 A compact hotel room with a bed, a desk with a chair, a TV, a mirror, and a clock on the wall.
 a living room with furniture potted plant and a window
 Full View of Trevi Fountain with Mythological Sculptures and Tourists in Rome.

━━━━━━━━━━━━━━━━━━━━

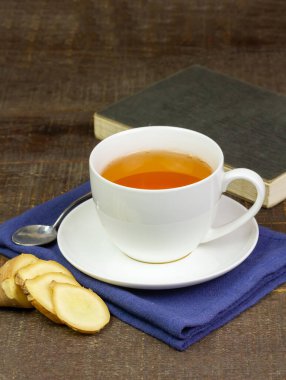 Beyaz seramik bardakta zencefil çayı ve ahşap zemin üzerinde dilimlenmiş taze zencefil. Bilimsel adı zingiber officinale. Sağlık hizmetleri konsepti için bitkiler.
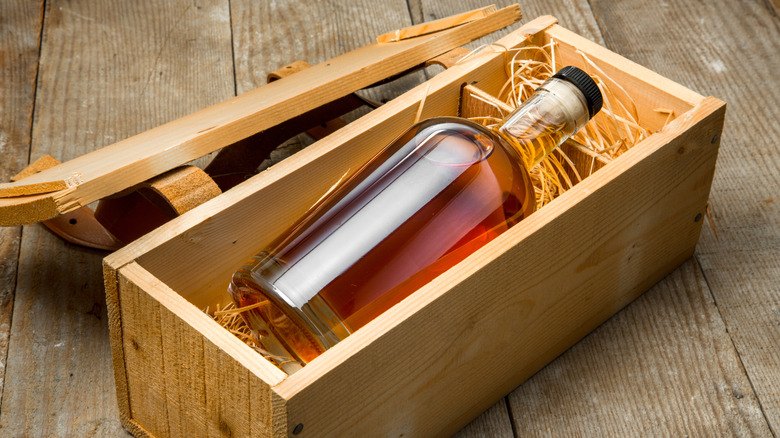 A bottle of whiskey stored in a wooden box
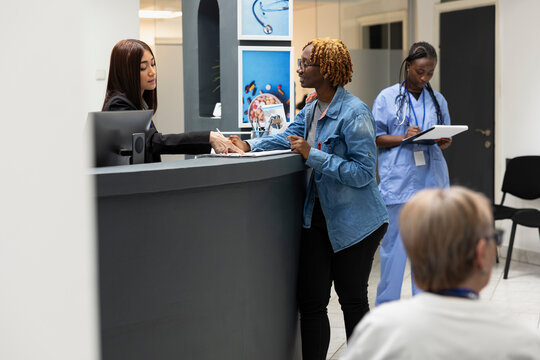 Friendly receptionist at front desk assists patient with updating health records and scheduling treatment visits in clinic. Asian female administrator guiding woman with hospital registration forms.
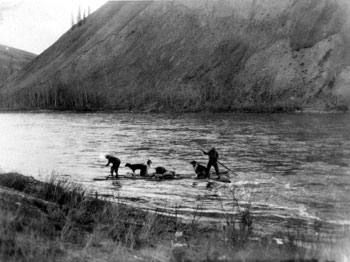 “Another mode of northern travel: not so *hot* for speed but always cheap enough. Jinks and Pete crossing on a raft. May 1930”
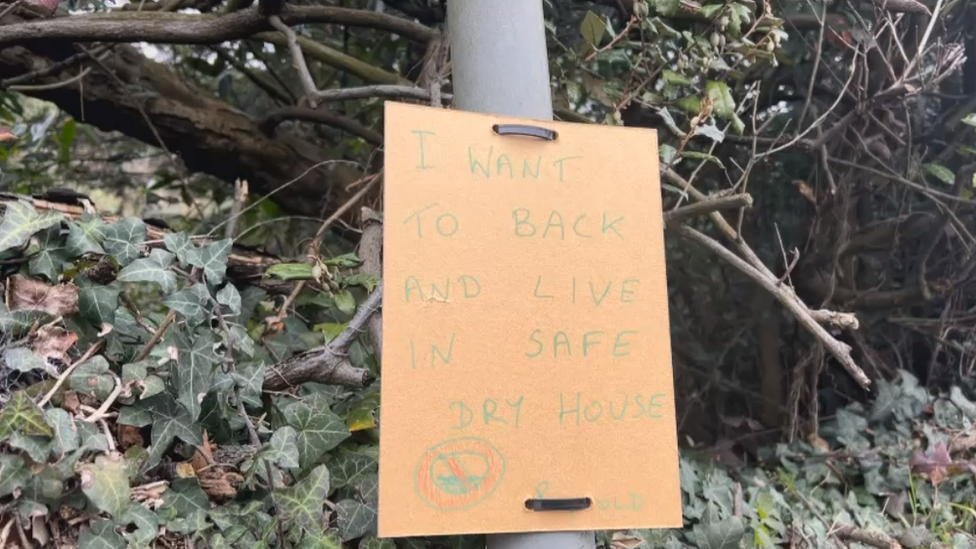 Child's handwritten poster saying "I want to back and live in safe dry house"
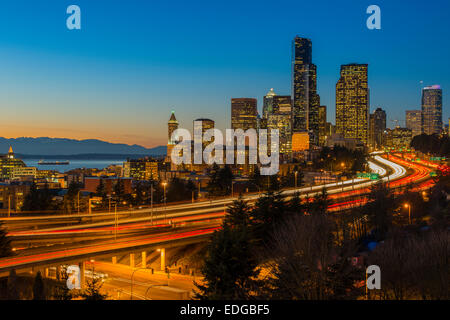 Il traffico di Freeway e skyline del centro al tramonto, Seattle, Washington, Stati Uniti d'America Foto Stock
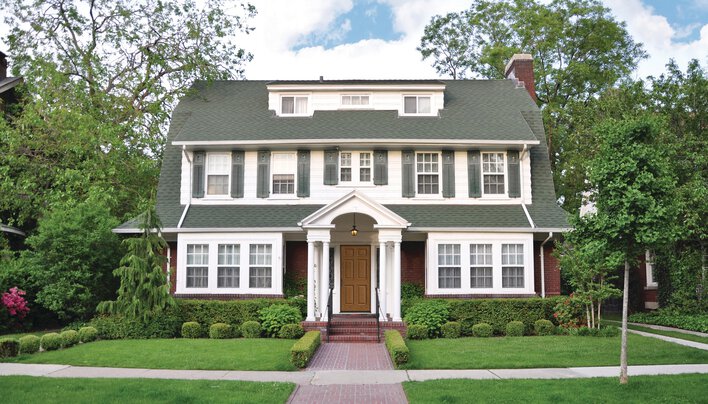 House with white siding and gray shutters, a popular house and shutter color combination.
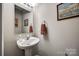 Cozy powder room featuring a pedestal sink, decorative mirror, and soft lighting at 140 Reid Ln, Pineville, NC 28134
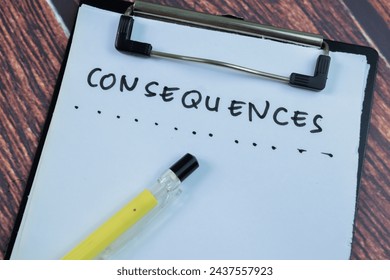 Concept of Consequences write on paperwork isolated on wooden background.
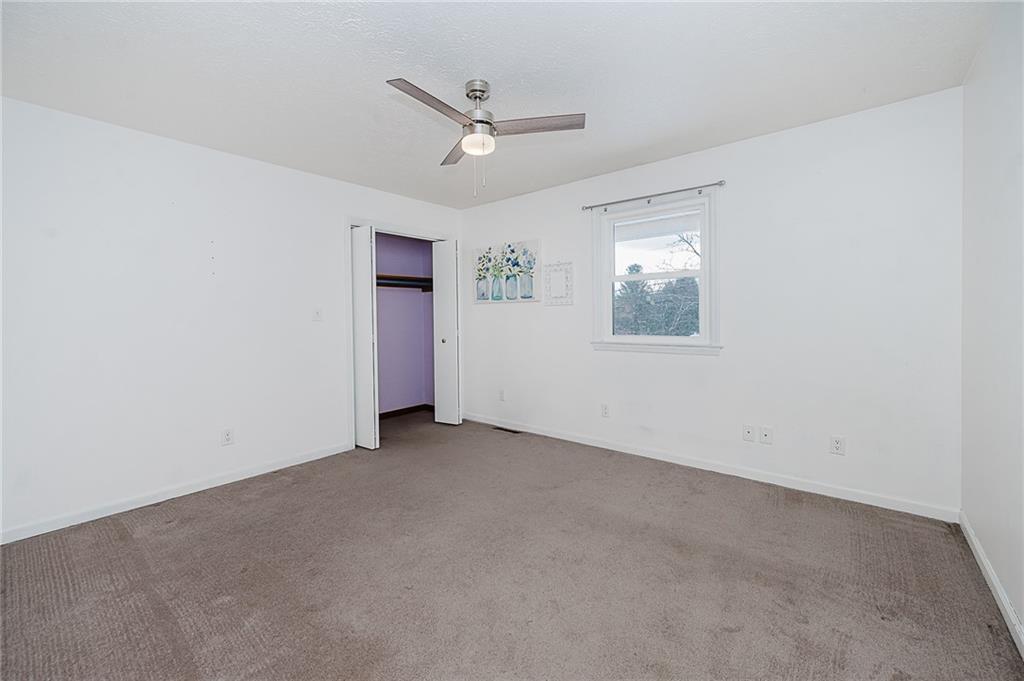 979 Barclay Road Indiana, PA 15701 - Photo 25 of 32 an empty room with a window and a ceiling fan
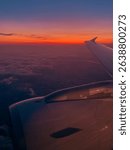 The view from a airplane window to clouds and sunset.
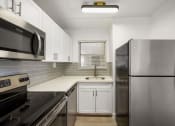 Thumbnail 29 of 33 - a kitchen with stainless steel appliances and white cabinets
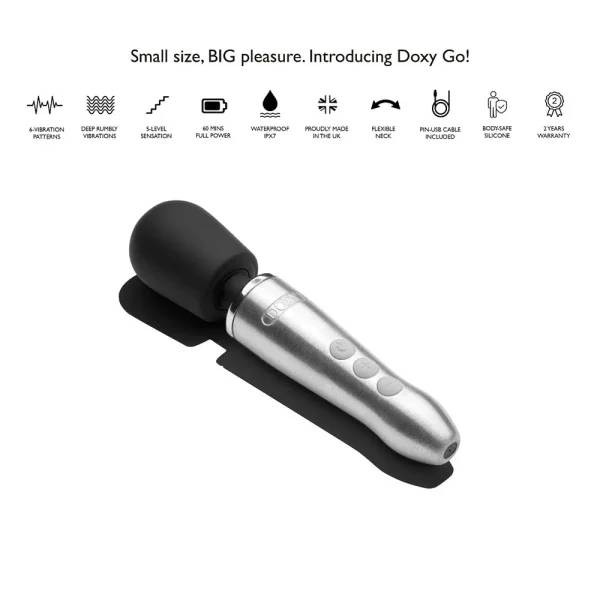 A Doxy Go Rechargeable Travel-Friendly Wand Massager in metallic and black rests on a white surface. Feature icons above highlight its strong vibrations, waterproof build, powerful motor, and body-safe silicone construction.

━━━━━━━━━━━━━━━━━━━━

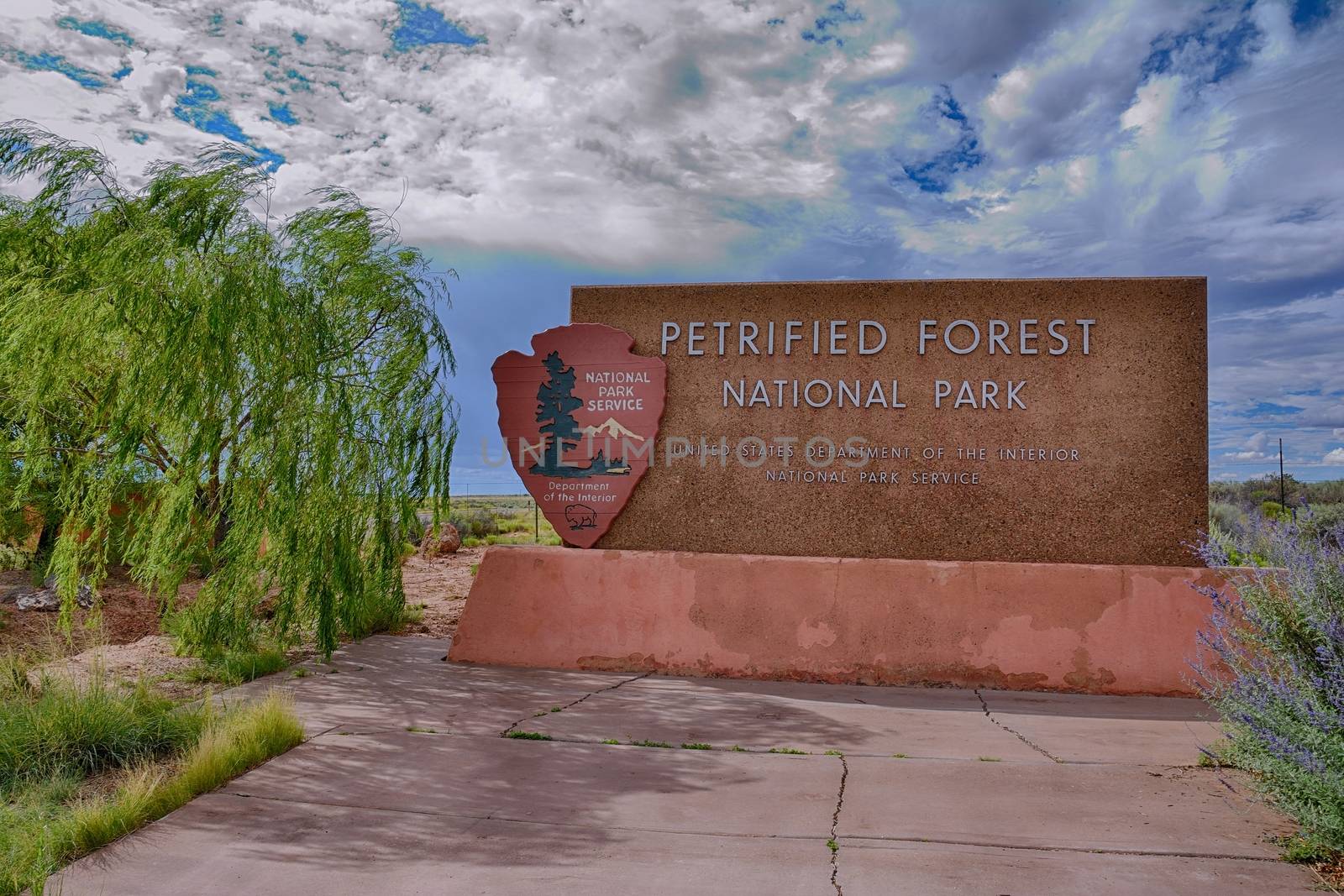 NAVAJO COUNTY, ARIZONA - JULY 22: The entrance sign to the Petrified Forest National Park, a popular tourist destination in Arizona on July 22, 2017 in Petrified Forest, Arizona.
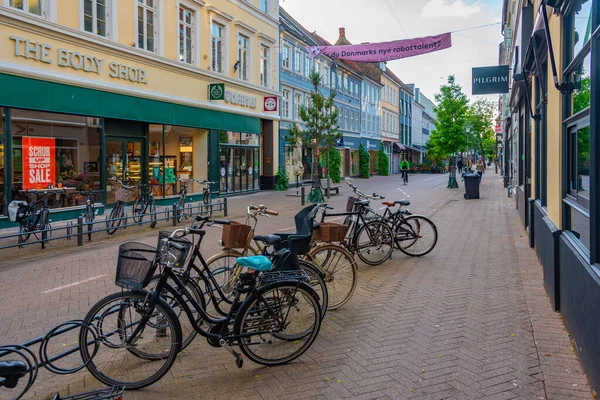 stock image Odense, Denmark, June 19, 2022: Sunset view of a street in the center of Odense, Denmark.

━━━━━━━━━━━━━━━━━━━━

## What the exercise asks
Above are the entries. Copy exactly the part that opens with the line containing "A compact hotel" and closes with the line containing "Full View of", and no more.

## Task result
 A compact hotel room with a bed, a desk with a chair, a TV, a mirror, and a clock on the wall.
 a living room with furniture potted plant and a window
 Full View of Trevi Fountain with Mythological Sculptures and Tourists in Rome.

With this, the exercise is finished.